▶ Task objective
Output the data below in full, byte for byte. Nothing may differ.

▶ Supplied data
··········

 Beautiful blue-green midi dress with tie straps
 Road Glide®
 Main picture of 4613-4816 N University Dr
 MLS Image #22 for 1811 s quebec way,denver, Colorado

··········

▶ Exercise solution
 Beautiful blue-green midi dress with tie straps
 Road Glide®
 Main picture of 4613-4816 N University Dr
 MLS Image #22 for 1811 s quebec way,denver, Colorado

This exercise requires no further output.